Search the records for the line with "Nike Vomero Plus 38.5 Bege/Rosa". Output that line and each line after it, exactly, and stop at the end; omit pictures.

- Records from a data collection
┄┄┄┄┄┄┄┄┄┄┄┄┄┄┄┄┄┄┄┄
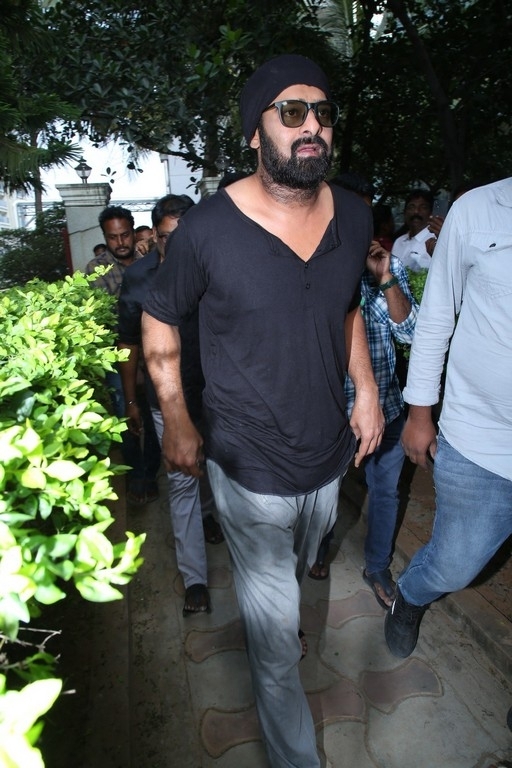 Celebs Pay Condolences to Superstar Krishna  - 20 / 111 photos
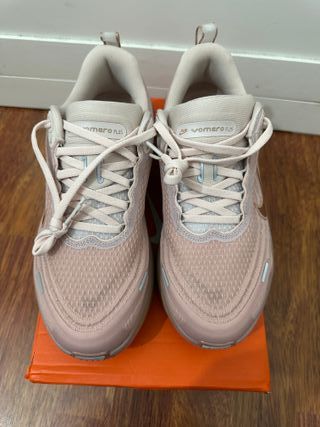 Nike Vomero Plus 38.5 Bege/Rosa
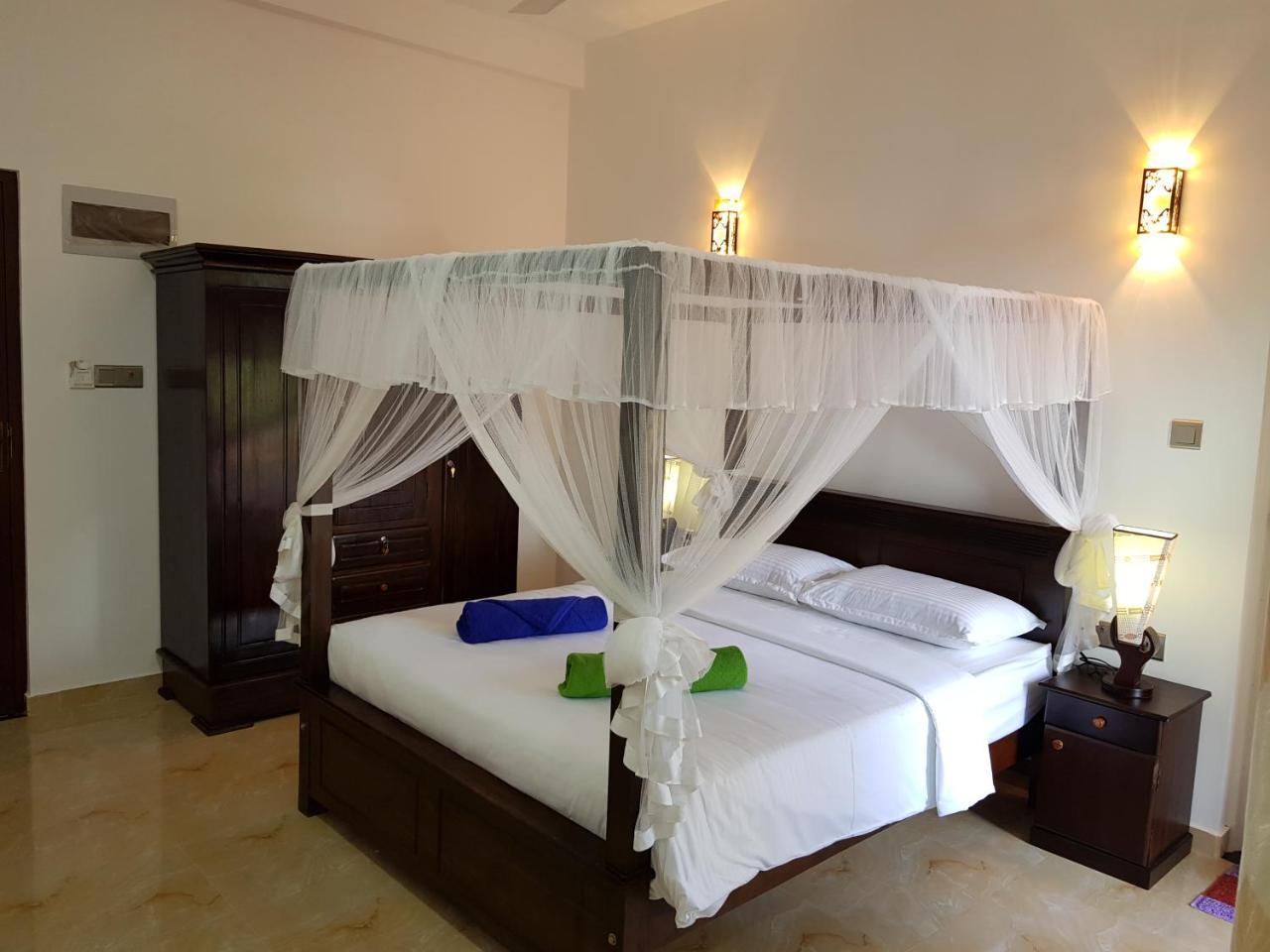My Whales Guest House Banduramulla Buitenkant foto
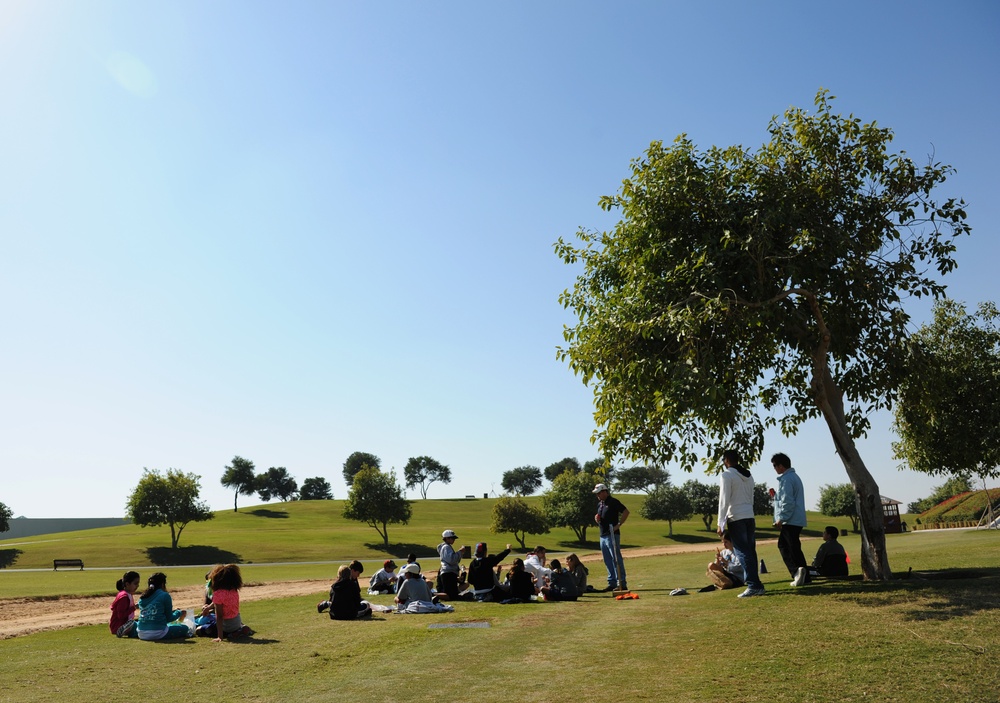 Airman explorers: Volunteers assist school
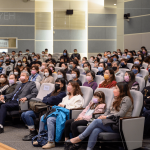 偌大的會場，早已座無虛席，眾人引頸期盼等待著講師的精采演說。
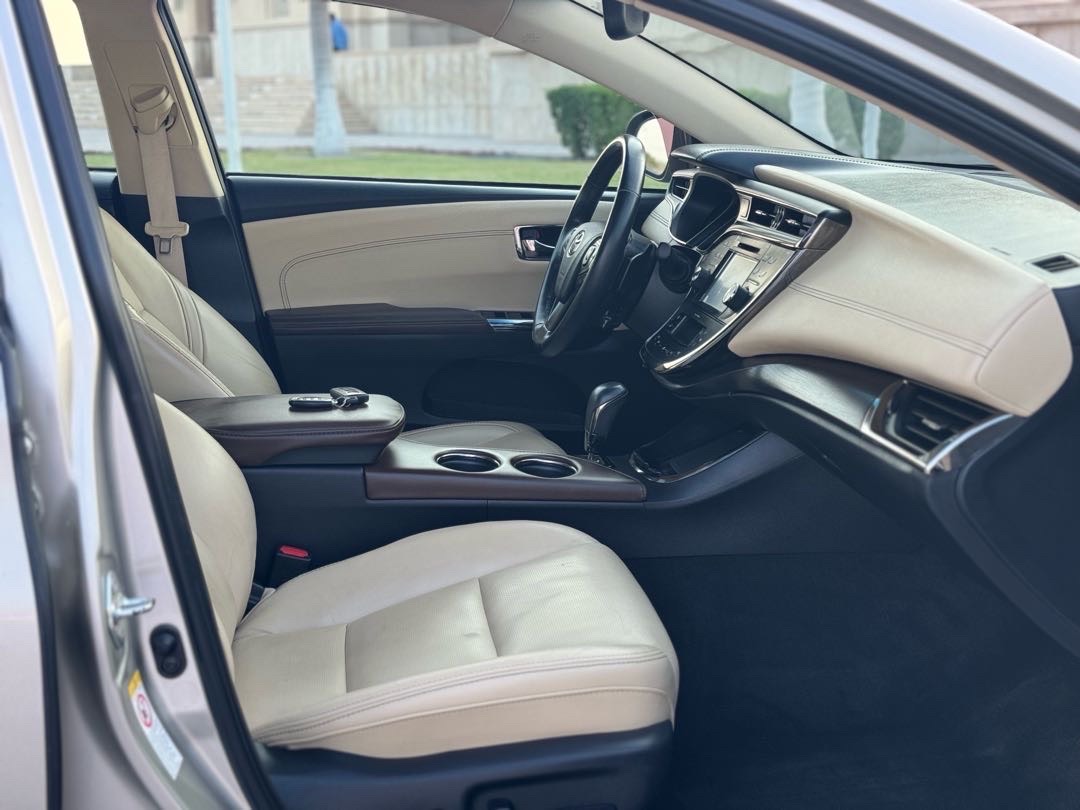 2017 Toyota Avalon Limited thumbnail 11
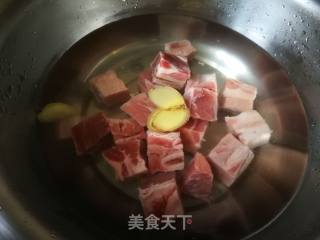 #团圆饭#牛排骨炖土豆的做法步骤：3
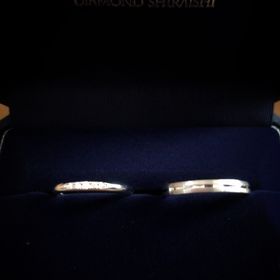 【銀座ダイヤモンドシライシの口コミ】 ティファニー、カルティエ、宝寿堂など色々見て回って、最後に辿り着いた…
┄┄┄┄┄┄┄┄┄┄┄┄┄┄┄┄┄┄┄┄
- Output for this exercise
 Nike Vomero Plus 38.5 Bege/Rosa
My Whales Guest House Banduramulla Buitenkant foto
 Airman explorers: Volunteers assist school
 偌大的會場，早已座無虛席，眾人引頸期盼等待著講師的精采演說。
 2017 Toyota Avalon Limited thumbnail 11
 #团圆饭#牛排骨炖土豆的做法步骤：3
 【銀座ダイヤモンドシライシの口コミ】 ティファニー、カルティエ、宝寿堂など色々見て回って、最後に辿り着いた…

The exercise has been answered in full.